G & J Muirhead Holdings Ltd. v. The Queen, 2014 DTC 1067 [at at 3009], 2014 TCC 49 (Informal Procedure) -- summary under Personal Services Business

By services, 28 November, 2015

The taxpayer was owned by its sole employee ("Muirhead") and his wife, and provided well inspection services to an arm's length corporation ("Harvest") under a services contract with it.

The taxpayer had a personal services business – but for the services contract, Muirhead would have been a Harvest employee. Muirhead had regular work shifts charged out at an hourly rate, and the taxpayer's provision of equipment (a truck that Muirhead also used outside of the job, personal tools, and flame-retardant clothing, but not key specialized tools) was not beyond what might reasonably be expected of an employee. Harvest was the only client, and Muirhead the only employee.
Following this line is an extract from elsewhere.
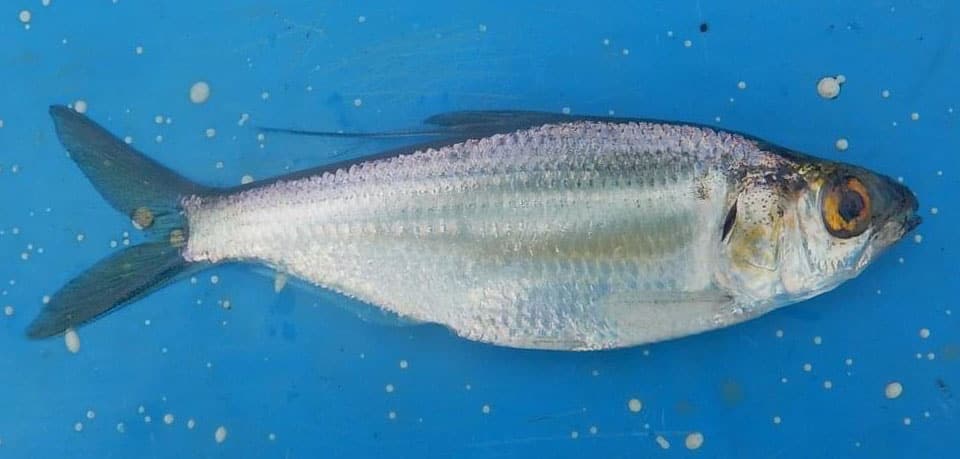 Fish Rules - Shad, Threadfin in FL State Waters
Respecting the taxpayer's right to an overtime rate of an additional $17 per hour, Boyle J stated (at para. 31) that instead "clients and customers of a business normally seek to negotiate volume discounts, not volume surcharges."

The intentions of the parties to the services contract were irrelevant "as the personal services business provisions would be meaningless if the intention of the third party purchaser of the services (Harvest) and the individual's corporation ... in entering into their contract governed, as that contract can only be a contract for services" (para. 7).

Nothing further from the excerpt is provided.